Francis Osei-Appiah: "Education will set you free"
‘At the start of a 9 year sentence in 2002 I attended a workshop in HMYOI Feltham run by Outside Chance, an organisation which supports prisoners in moving away from re-offending on release. The message of the workshop - that education will set you free - touched me to the core and planted the idea in my head that I should use my time in prison wisely to educate myself so that on release I had options.
Ian from Outside Chance advised me to speak to the prison’s Education Department about Prisoners' Education Trust who might be able to help me whilst I was in prison and in 2004 I wrote to PET to apply for funding towards an Open University course.
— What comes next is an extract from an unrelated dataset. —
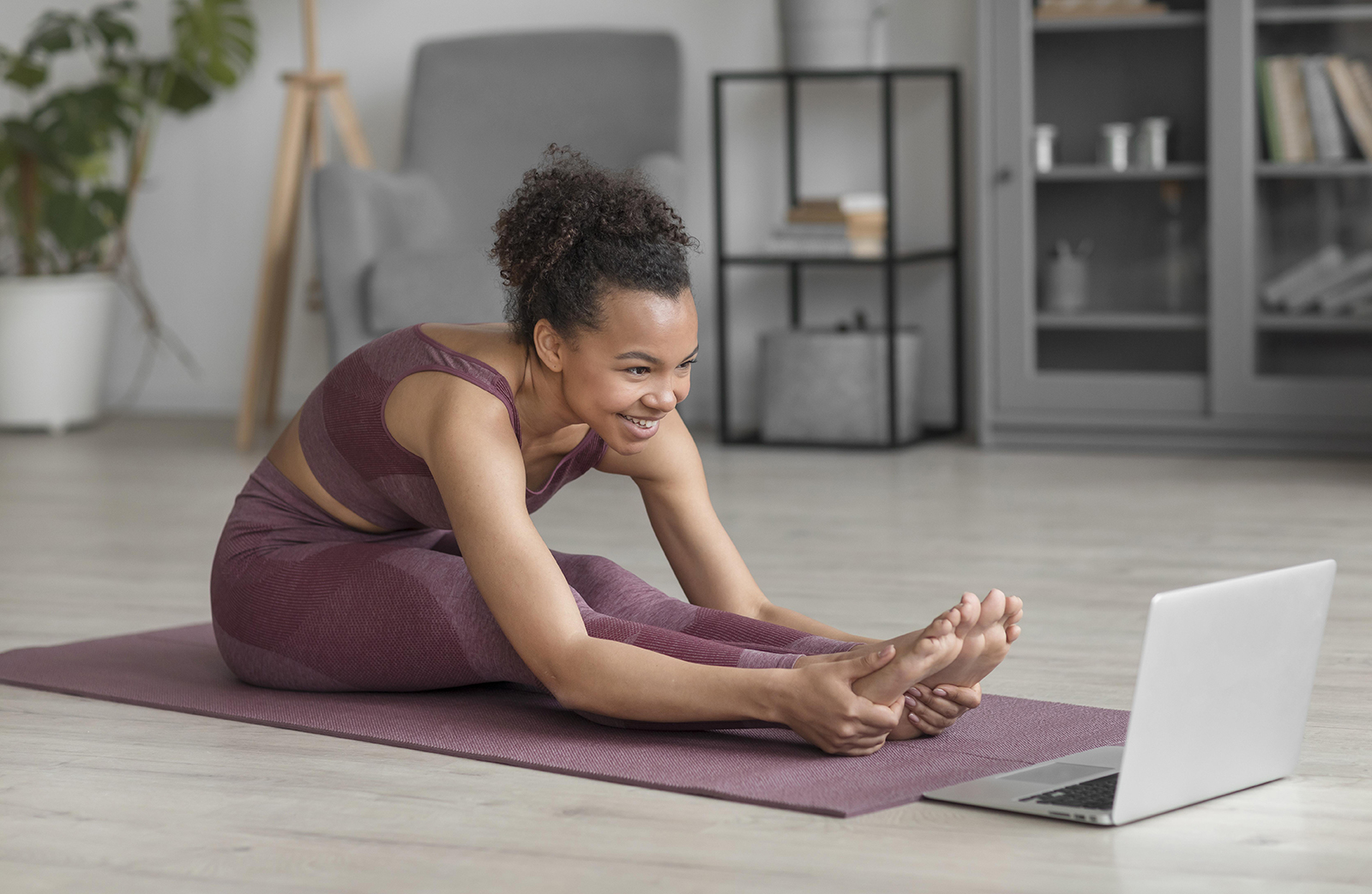 Desvendando os Mistérios- Aulas Online de Yoga Funcionam Mesmo? - 01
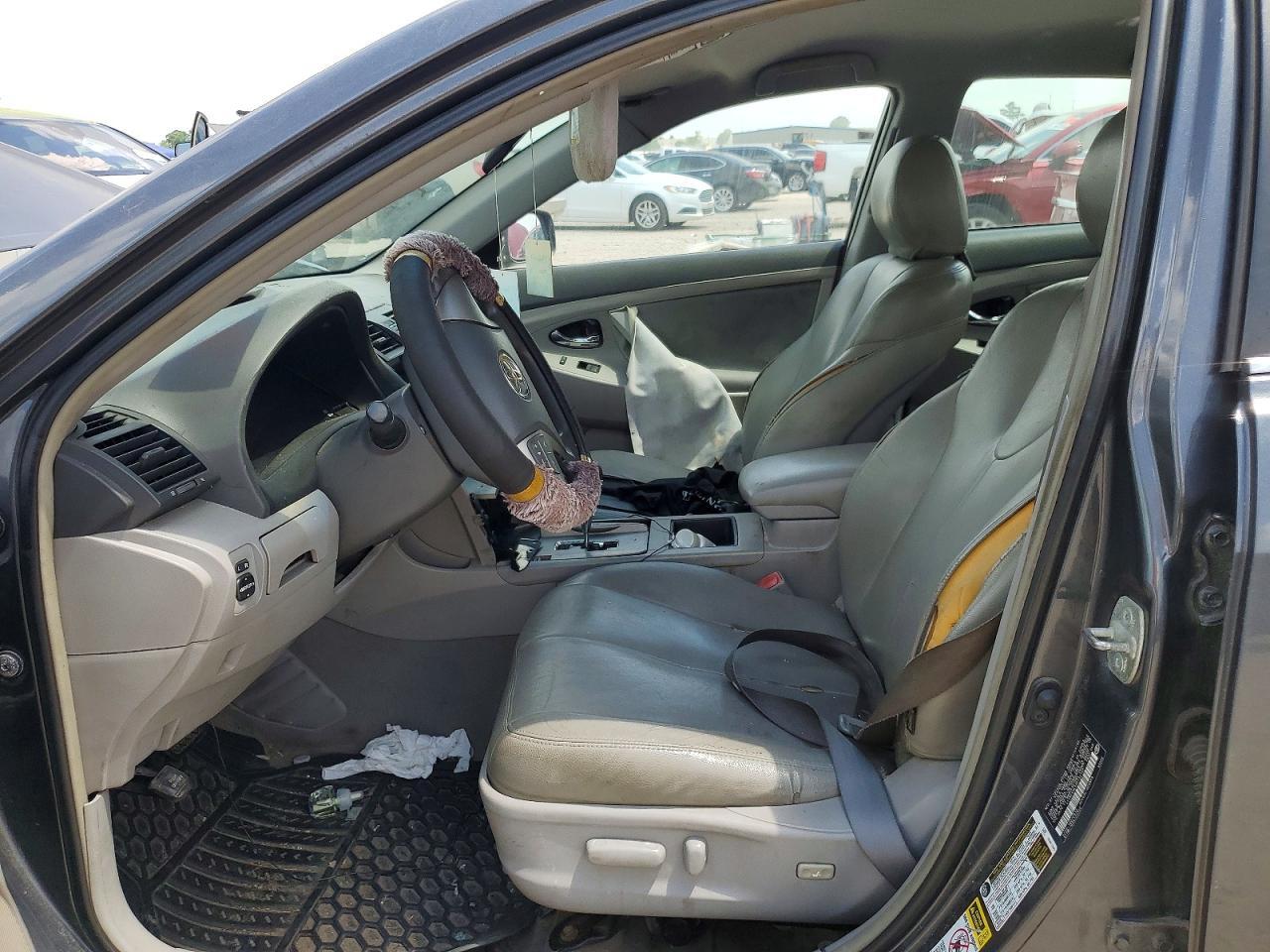 2008 Toyota Camry Le - Image 7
When I received the letter from PET agreeing to fund me it made me the happiest young man in the prison. It really helped my self-esteem, which had been at an all time low. It felt amazing that somebody was giving me a second chance and not just “shutting the door” on me and my future. I went on to complete the Open University course that PET funded, before graduating with an Honours Degree in Health and Social Care in 2010, just in time for my release from prison.
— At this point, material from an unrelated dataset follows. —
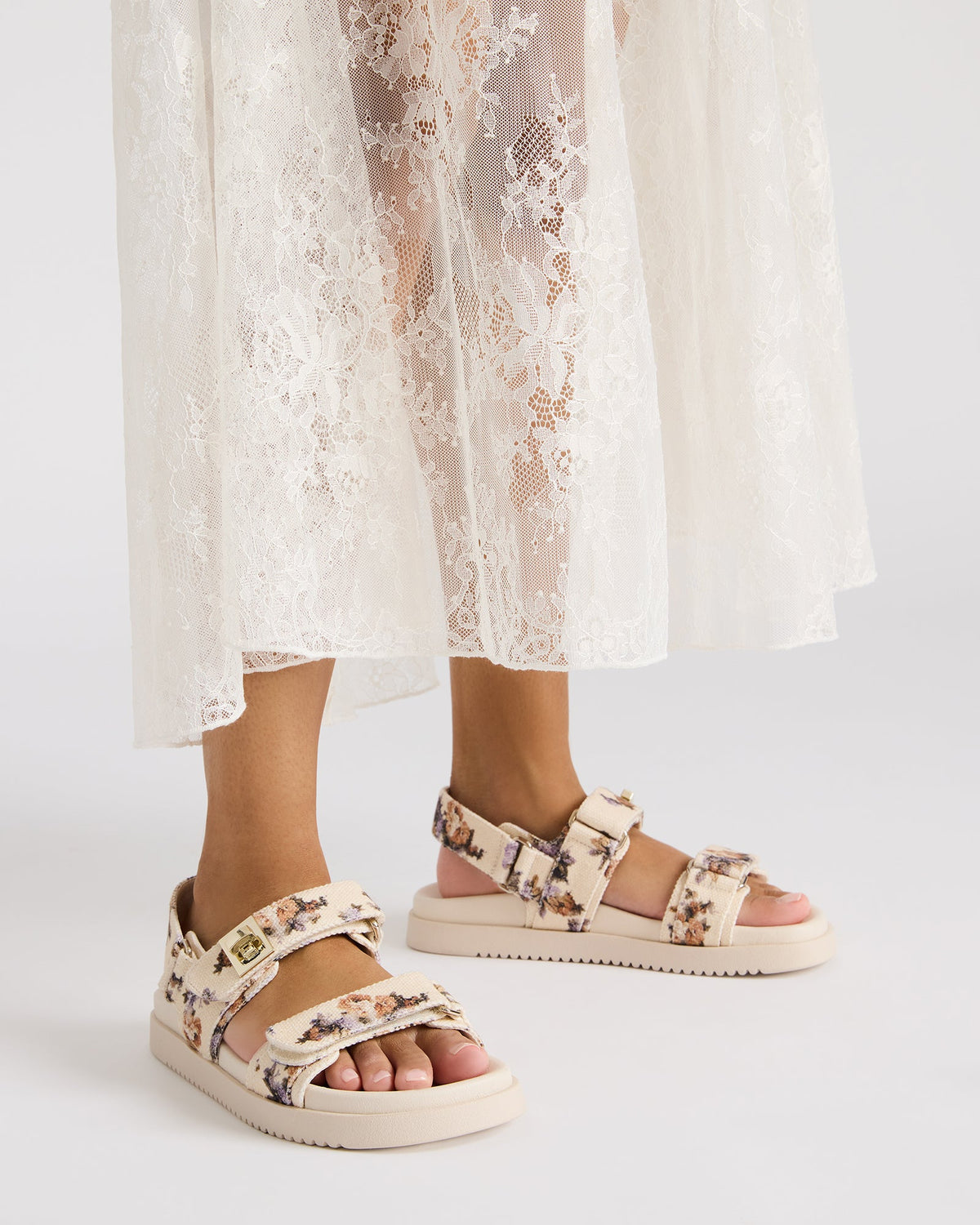 MONA Floral Flatform Women's Sandal Steve Madden FLORAL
I left prison with the determination that I would use PET’s faith in me wisely and have never looked back. The sentence I served was my first time in prison and certainly my last! Thanks to PET’s investment in me, my degree got me a very good job in Social Care. In just 18 months of joining my employers, I achieved back-to-back promotions from being a Support Worker to now being a Manager, responsible for 15 employees and 8 service-users, each with learning disabilities and highly complex needs.
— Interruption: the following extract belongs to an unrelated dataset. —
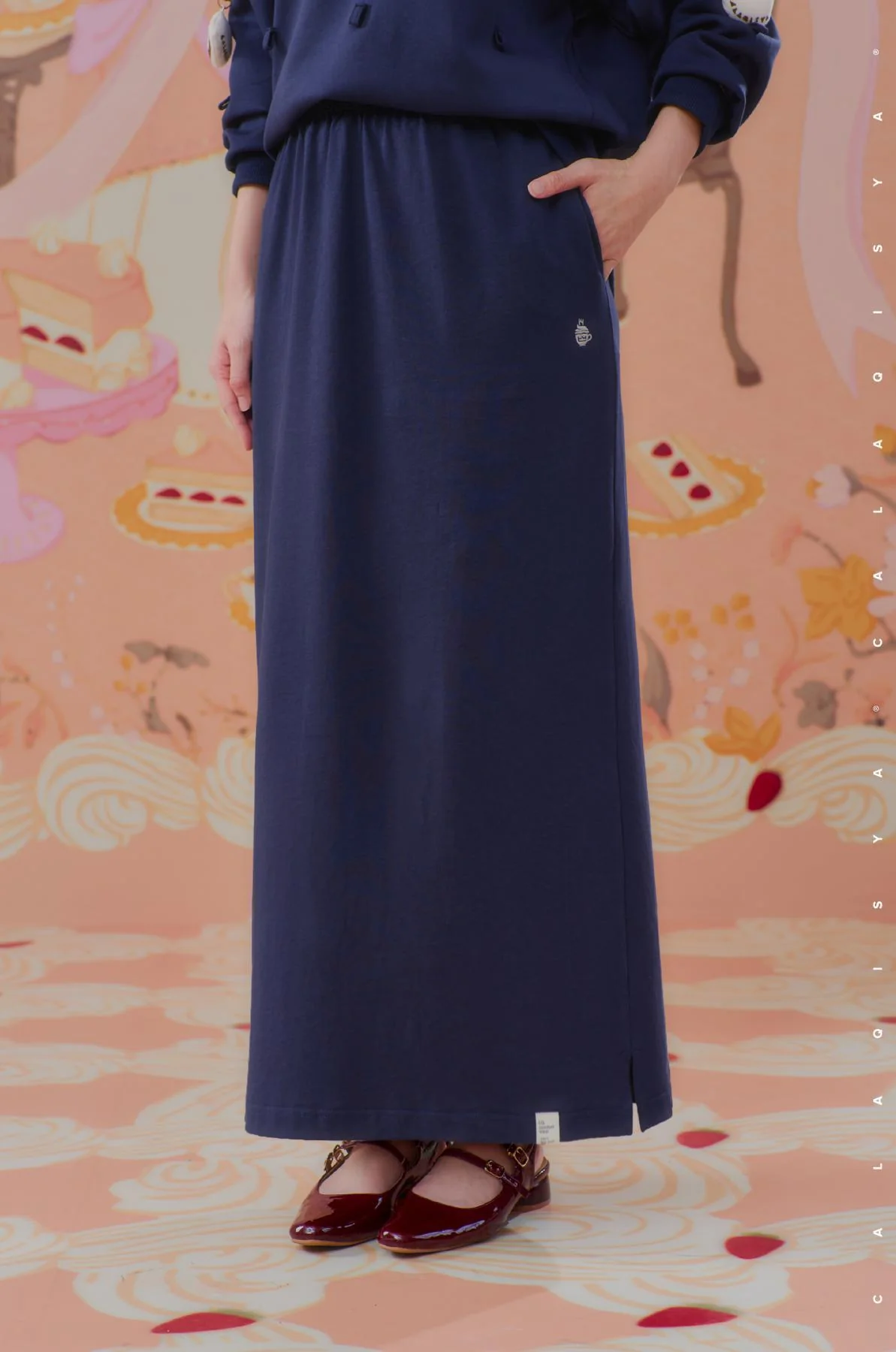CQ TURNS 14 DDAY BREATHE STRAIGHT SKIRT IN BLUE BLACK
Although I have a good standing in the community and I love my job, I wanted to do more, to give something back to my local community by helping to reduce offending in young people; my real passion. My life journey and my past experiences of the criminal justice system, coupled with my academic studies, gave me a solid base to take this knowledge into schools and youth groups, helping to reduce offending amongst young people and deter them from joining gangs as I had. I worked hard, saved from my salary and founded a charity whose aims and objectives are helping young people to see a better way of living their lives, to learn from my mistakes and to do well at school.
People comment on how much I have achieved since leaving prison and there is no question in my mind that much of that achievement can be laid at the door of PET who, despite never meeting me, had faith in what I could achieve'.